Assignment. Instruction for the entries below: return the part that opens with the line containing "Embrace My Shadow" and closes with the line containing "Thumbnail: 2025 Jeep Compass - 5", exactly, and no pictures.

Supplied records.

###

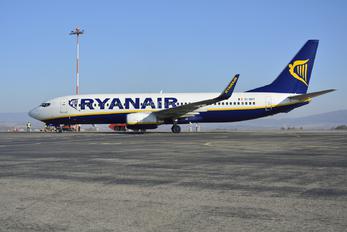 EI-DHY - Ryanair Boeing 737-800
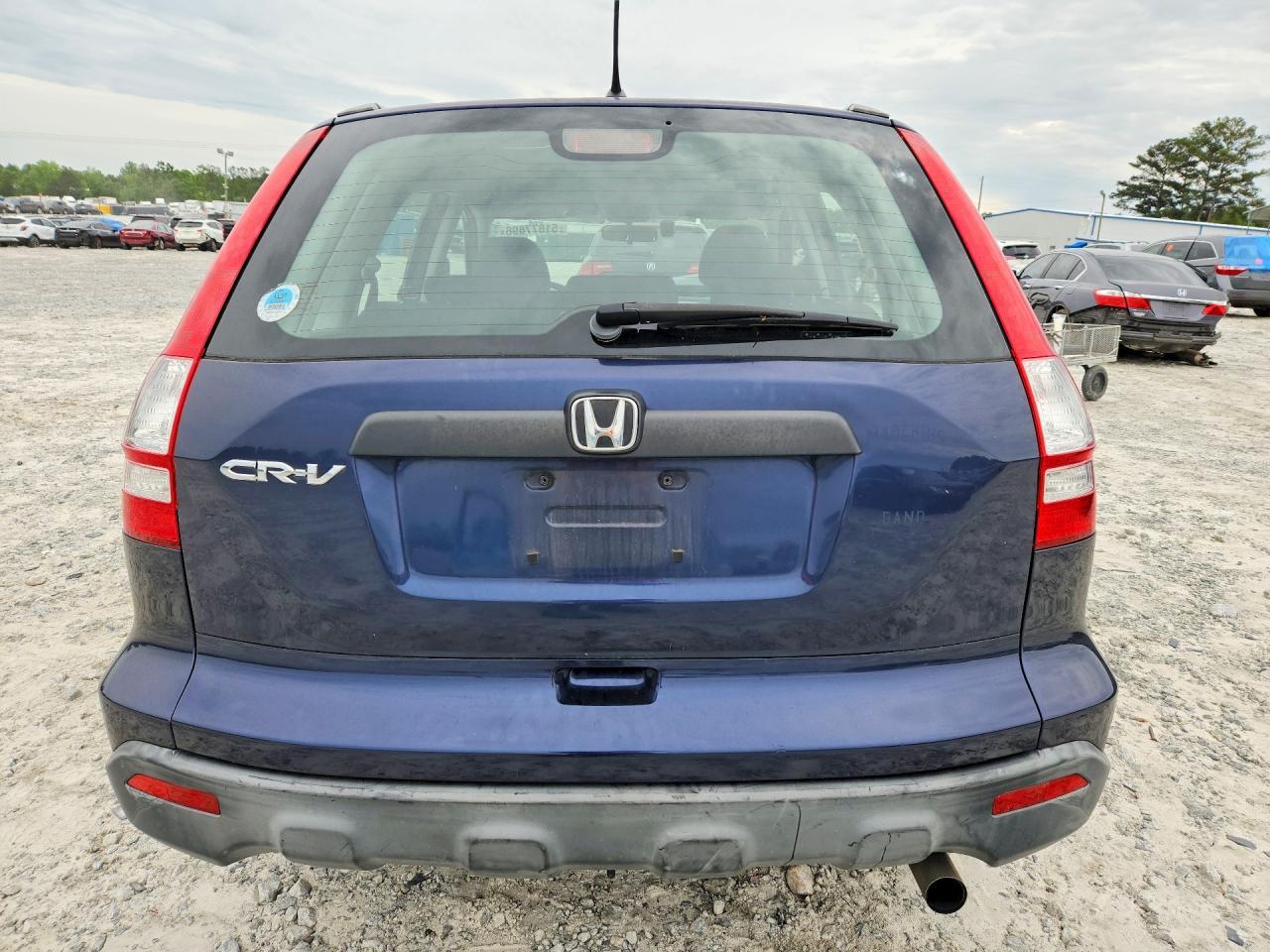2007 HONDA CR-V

###

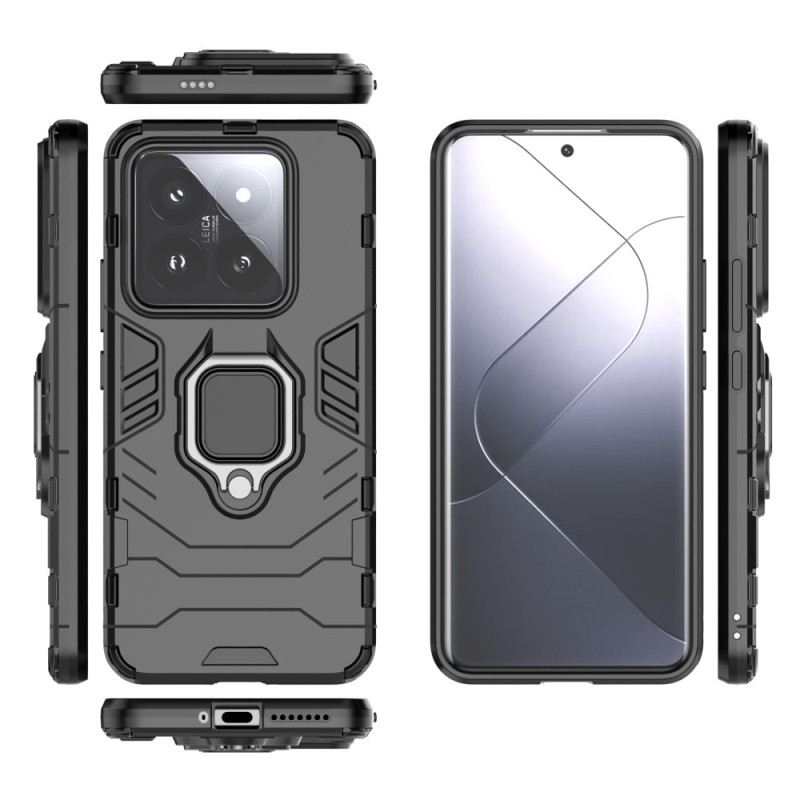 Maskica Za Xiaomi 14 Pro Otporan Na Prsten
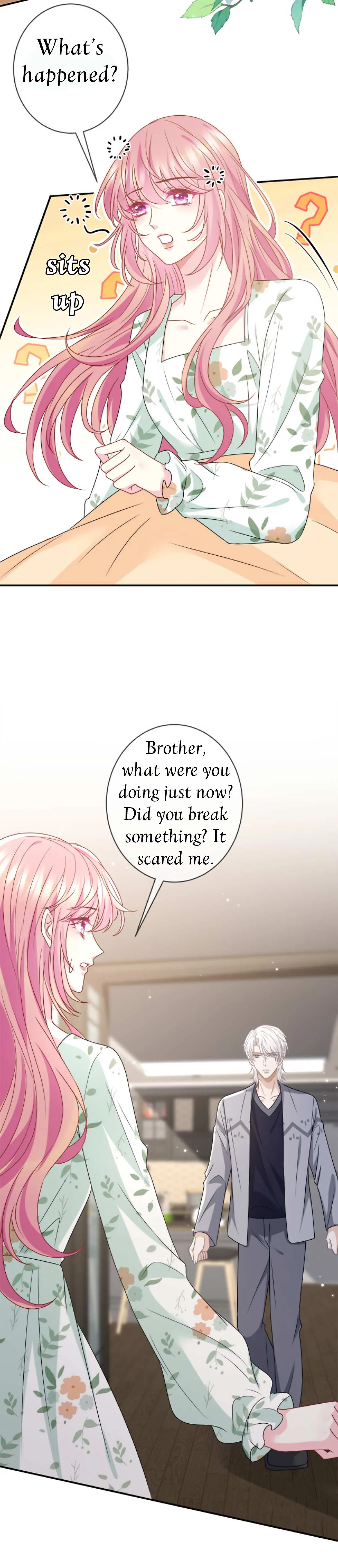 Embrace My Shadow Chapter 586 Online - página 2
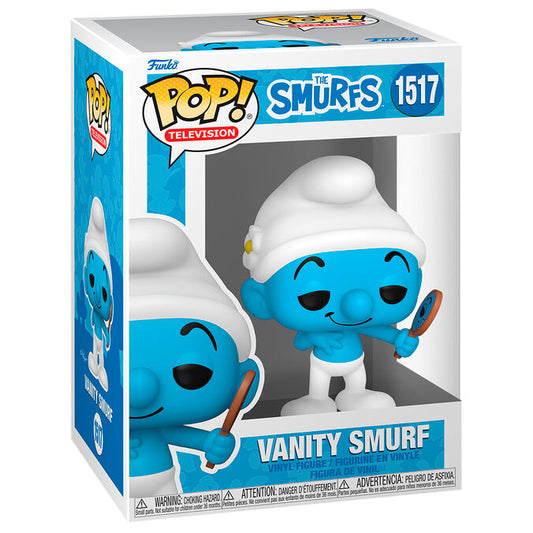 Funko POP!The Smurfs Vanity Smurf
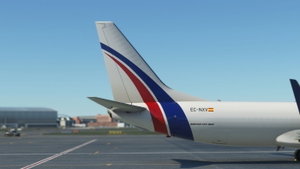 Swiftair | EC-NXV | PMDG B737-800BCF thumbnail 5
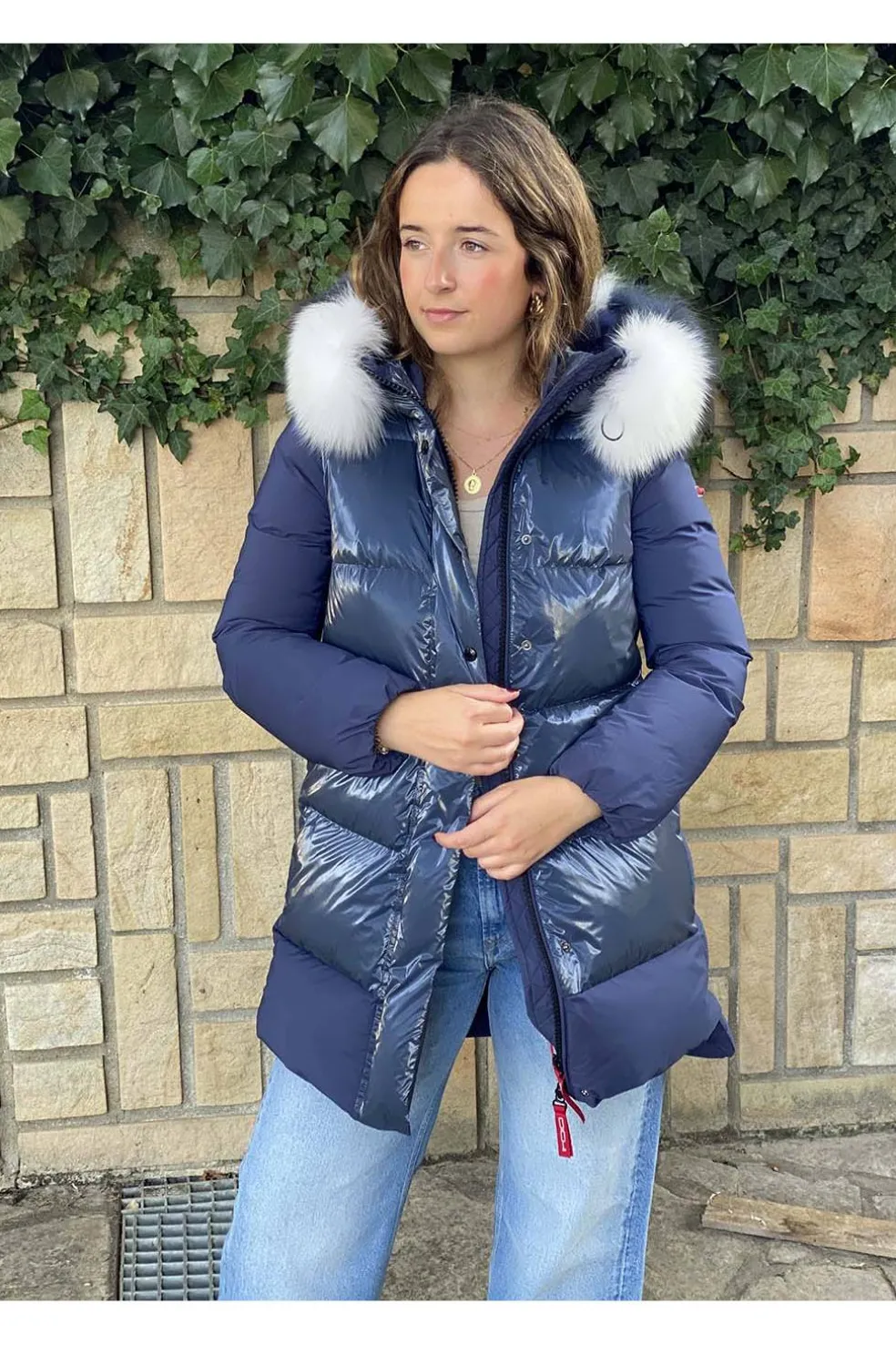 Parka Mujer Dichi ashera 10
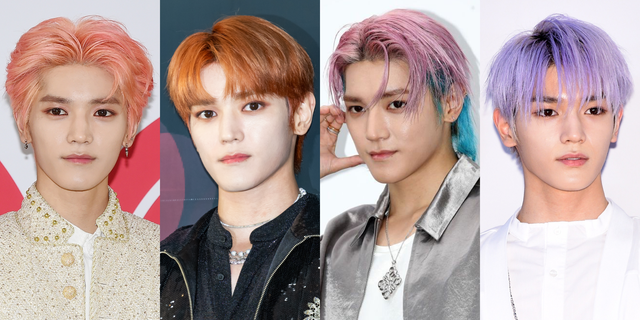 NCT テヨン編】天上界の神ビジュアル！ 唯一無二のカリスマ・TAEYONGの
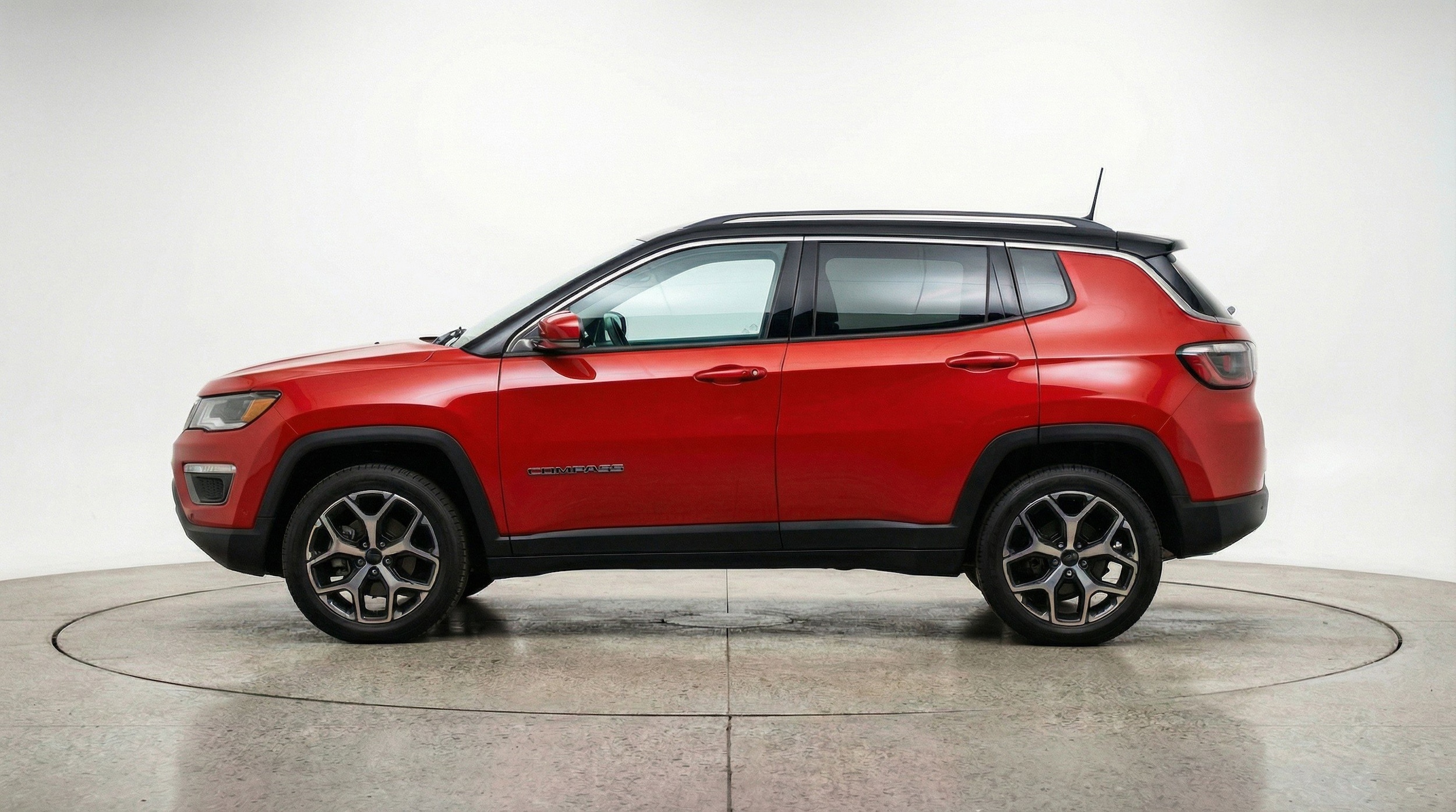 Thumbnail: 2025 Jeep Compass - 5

###

Solution.
 Embrace My Shadow Chapter 586 Online - página 2
 Funko POP!The Smurfs Vanity Smurf
 Swiftair | EC-NXV | PMDG B737-800BCF thumbnail 5
 Parka Mujer Dichi ashera 10
 NCT テヨン編】天上界の神ビジュアル！ 唯一無二のカリスマ・TAEYONGの
 Thumbnail: 2025 Jeep Compass - 5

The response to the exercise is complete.